Dalam area kontrol emisi yang ditentukan, batasannya sudah lebih ketat (0,10%). Batas baru ini diwajibkan setelah amandemen Lampiran VI Konvensi Internasional untuk Pencegahan Polusi dari Kapal (MARPOL).
Sementara, di tingkat nasional pengaturan tersebut dituangkan dalam SE Nomor 35 tahun 2019 Dirjen Hubla Kemenhub tentang Kewajiban Penggunaan Bahan Bakar Low Sulfur, dan Larangan Mengangkut atau Membawa Bahan Bakar Yang Tidak Memenuhi Persyaratan Serta Pengelolaan Limbah Hasil Resirkulasi Gas Buang Dari Kapal.
"Dalam SE Nomor 35 tahun 2019, tertuang bahwa kapal berbendera Indonesia dan kapal berbendera asing yang beroperasi di wilayah perairan Indonesia wajib menggunakan bahan bakar dengan kandungan sulfur dengan nilai maksimal 0,5 % m/m," kata Deputi Basilio dalam keterangan tertulis, Selasa (9/11).

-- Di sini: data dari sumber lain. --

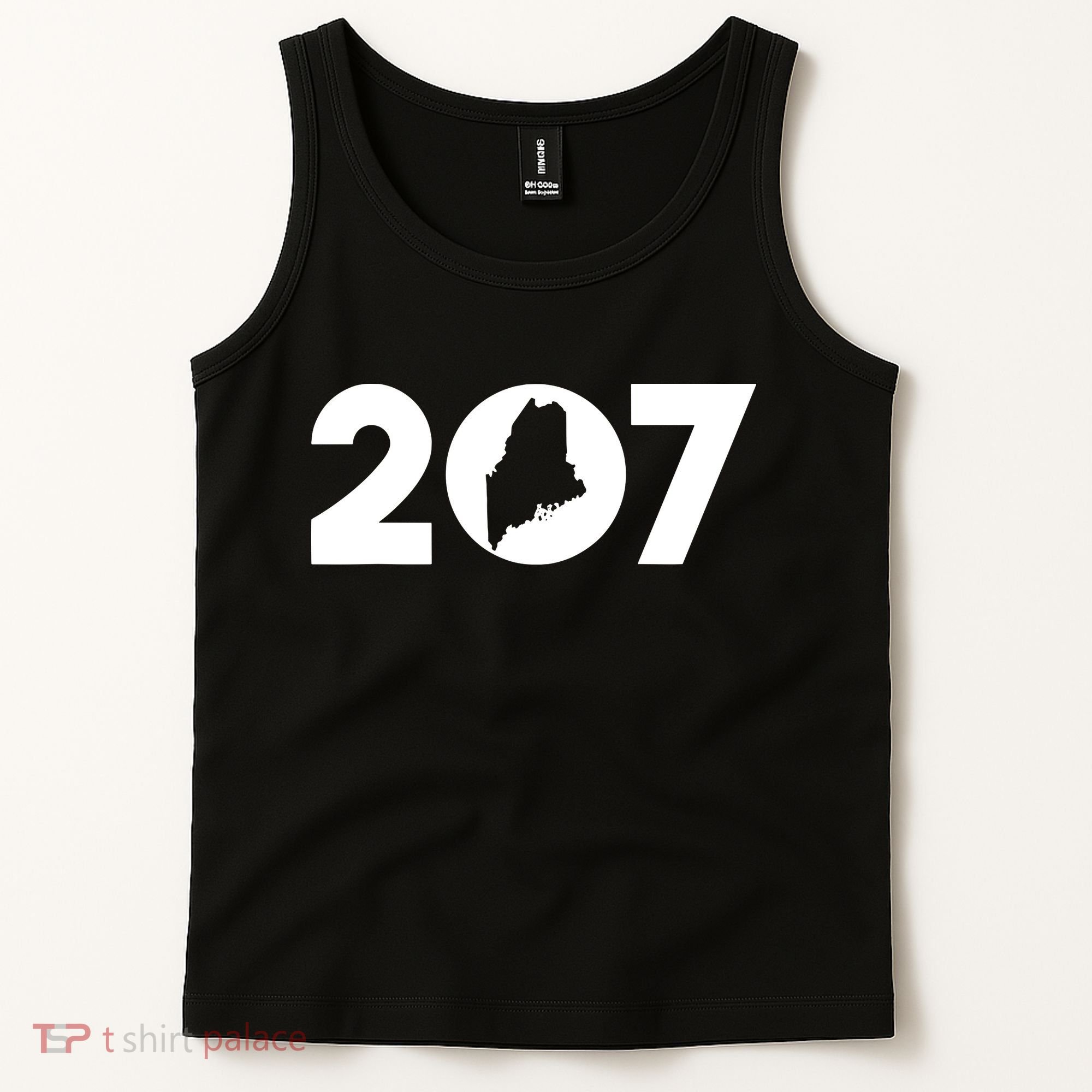 Maine Map Inside The 207 Area Code Maine Me Pride Tank Top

Selain untuk mendukung Decarbonizing Shipping and Port, Basilio menilai bahwa mendorong kapal-kapal agar menggunakan Low Sulphur Marine Fuel Oil (LS MFO) juga dapat menambah pendapatan untuk negara. Terutama jika Indonesia dapat menjual LS MFO pada kapal yang melintas.
Berdasarkan informasi dari Kementerian Perhubungan, diketahui sekitar 90.000 kapal melewati Selat Malaka setiap tahunnya. Sedangkan sekitar 53.068 kapal melewati Selat Sunda setiap tahunnya, dan sekitar 36.773 kapal melewati Selat Lombok setiap tahunnya.

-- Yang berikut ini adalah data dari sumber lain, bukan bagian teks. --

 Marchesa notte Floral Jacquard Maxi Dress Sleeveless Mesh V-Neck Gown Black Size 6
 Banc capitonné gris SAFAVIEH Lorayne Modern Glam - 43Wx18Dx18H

"Banyaknya kapal yang melintasi perairan Indonesia menjadikan pemerintah Indonesia perlu untuk mendorong dan memastikan kapal-kapal tersebut menggunakan bahan bakar dengan kandungan sulfur dengan nilai maksimal 0,5 % m/m," ujar dia.
Terkait kesiapan bungker bahan bakar kapal rendah sulfur di Indonesia, Pertamina, melalui Pertamina Patra Niaga telah meluncurkan bahan bakar kapal sulfur rendah dan telah menandatangani nota kesepahaman (MoU) dengan PT Krakatau Bandar Samudera (Krakatau International Port/KIP) pada 4 Agustus 2021.

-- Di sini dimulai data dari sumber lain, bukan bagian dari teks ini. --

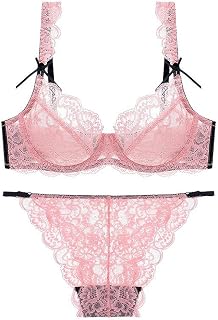 Sexy Lace, Ribbon, Bra & Panties, Top & Bottom Set, All Lace, 3D 3/4 Cup, Adult Sexy, Underwear, Underwear, Lingerie (S/M/L/XL)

"Penjualan perdana Bunkering Low Sulphur MFO juga sudah dilakukan di Dermaga KIP Cilegon pada tanggal 27 Agustus 2021 kepada kapal asing MV. Alona berbendera Siprus sejumlah 160 MT atau setara 175.000 liter LS MFO," kata Basilio.
Untuk meningkatkan dekarbonisasi kapal dan pelabuhan dan pendapatan negara dari Bunkering Low Sulphur MFO, maka diperlukan dukungan stakeholder terkait. Baik itu dari kementerian/lembaga, BUMN dan swasta, pemilik kapal, galangan kapal serta organisasi internasional seperti IMO, UNCTAD, dan Bank Dunia.
IMO dapat membantu mempromosikan teknologi rendah karbon dengan memfasilitasi kemitraan publik-swasta dan pertukaran informasi. IMO juga dapat membantu transfer teknologi, pengembangan kapasitas dan kerja sama teknis, serta peningkatan efisiensi energi kapal, dan menilai secara berkala penyediaan dana dan teknologi.
"Sementara Bank Dunia dapat membantu negara-negara berkembang dengan produksi dan pasokan bahan bakar nol-karbon yang akan diterapkan pada industri perkapalan di Indonesia," ujarnya.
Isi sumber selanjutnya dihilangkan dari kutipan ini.